"My dear Titus, your way of accepting the unexpected is most admirable, but this must be talked over, I assure you. The consequences may be very serious, and the matter must not be lightly treated. Do think at once where we are to go! Aunt Ninette spoke very impressively.
"Oh, it makes no difference where we go, if it is only quiet, and out in the country some where," said the good man, as he calmly continued his writing.
"Of course, that is the very thing" said his wife, "to find a quiet house, not full of people nor in a noisy neighborhood. We might happen on a school close by, or a mill, or a waterfall. There are so many of those dreadful things in Switzerland. Or some noisy factory, or a market place, always full of country folk, all the people of the whole canton pouring in there together and making a terrible uproar. But I have an idea, my dearest Titus, I have thought of a way to settle it. I shall write to an old uncle of my brother's wife. You remember the family used to live in Switzerland; I am sure I can find out from him just what it is best for us to do."

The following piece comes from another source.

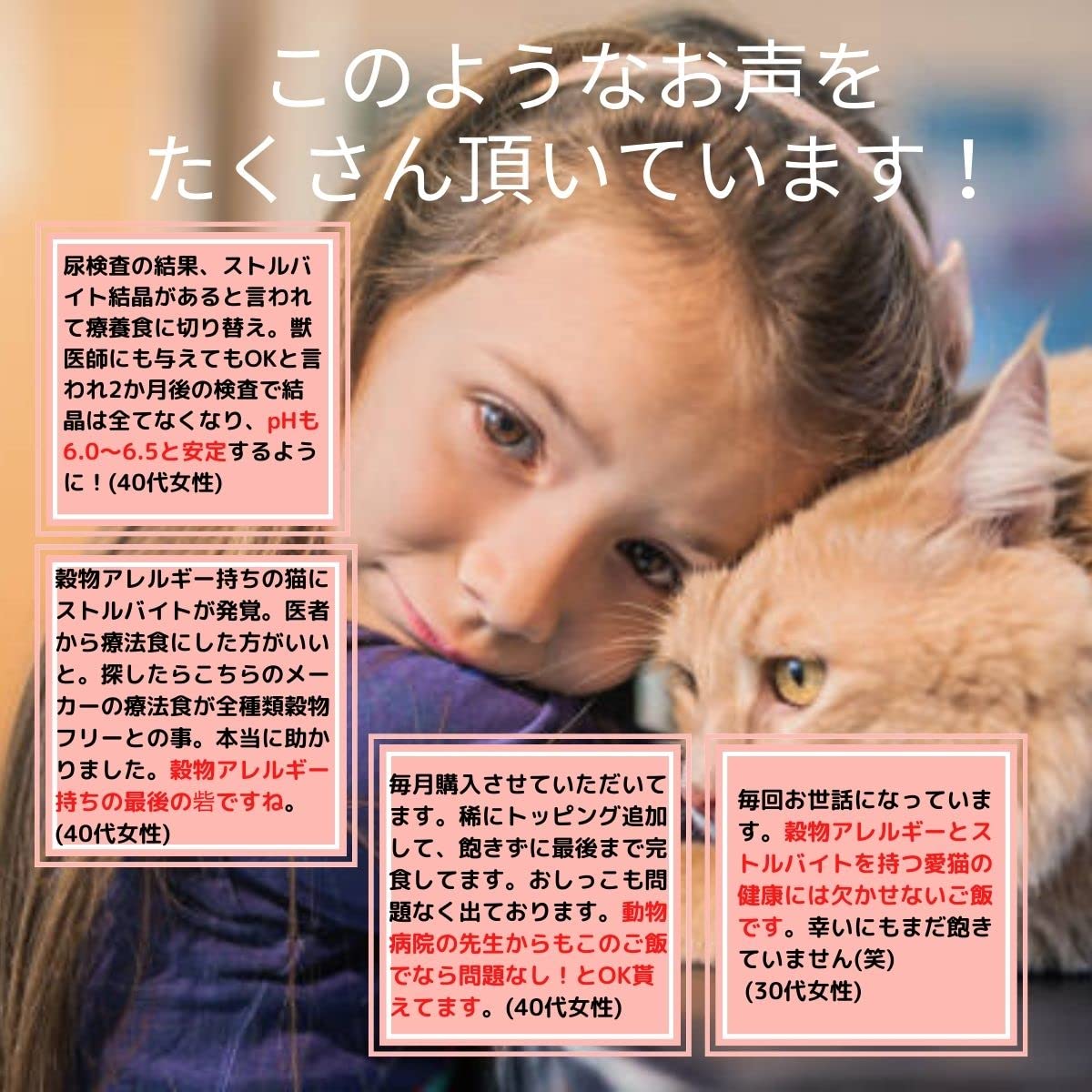 Amazon | Vet Solution ベッツソリューション 猫用 尿中 ストルバイト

"That seems to me rather a round-about way," said her husband, "and if I remember right the family had some unpleasant experiences in Switzerland, and are not likely to have kept up any connection with it."
"Oh, let me see to that; I will take care that all is as it should be, my dear Titus," said aunt Ninette decidedly, and off she went, and without more delay wrote and dispatched a letter to her brother's wife's uncle. This done, she hurried away to Dora's sewing teacher, who was a most respectable woman, and arranged that while they were in Switzerland, Dora should spend the days with her, going to school as usual in the morning and sewing all the afternoon, and that the woman should go home with Dora to pass the nights.

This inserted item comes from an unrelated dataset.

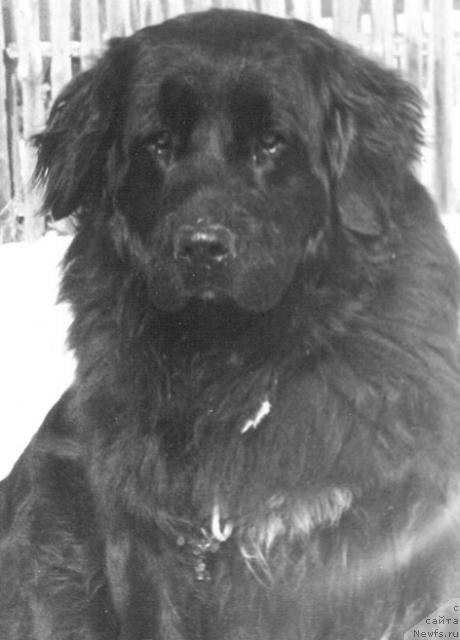 Фото: ньюфаундленд Bim YAr (Бим Яр)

Dora was informed of this plan when she came home that evening. She received the news in silence, and after supper in silence went to her little attic room. There as she sat upon her little bed, she realized fully what her life would be when her uncle and aunt had gone away, and as she compared it sadly with the happy companionship of her dear father, her sorrow and solitude seemed too terrible to bear, and she hid her face in her hands and gave way to bitter tears. Her uncle and aunt might die too, she thought, and she should be left alone with no one to care for her, no one in the world to whom she belonged, and nothing to do but to sit forever sewing on endless shirts. For ever and ever! for she knew she must earn her living by sewing. Well, she was quite willing to do that; but oh! not to be left all alone.
The poor child was so wholly absorbed in these painful thoughts, as they passed again and again through her mind, that she lost all sense of time, till at last she was aroused, by the clock on the neighboring tower striking so many times that she was frightened. She raised her head. It was perfectly dark. Her little candle had burned out, and not a glimmer of light came from the street. But the stars; yes, there were the five stars above still shining so joyfully, that it seemed to Dora as if her father were looking down upon her with loving eyes, and saying cheeringly,
"God holds us in his hand
God knows the best to send."
The sparkling starlight sank deep into her heart, and made it lighter. She grew calmer. Her father knew, she said to herself, she would trust his knowledge, and not fear what the future might hold in store. And after she laid her head on her pillow, she kept her eyes fixed upon the beautiful stars until they closed in sleep.
On the following evening the doctor came as he had promised. He began to suggest various places to Uncle Titus, but Aunt Ninette assured him rather curtly, that she was already on the track of something that promised to be satisfactory. There were a great many things to be taken into consideration, she said, since Uncle Titus was to make so vast a change in his habits. The utmost prudence must be exercised in the selection of the situation, and of the house also. This was her present business, and when everything was settled she would inform the doctor of her arrangements.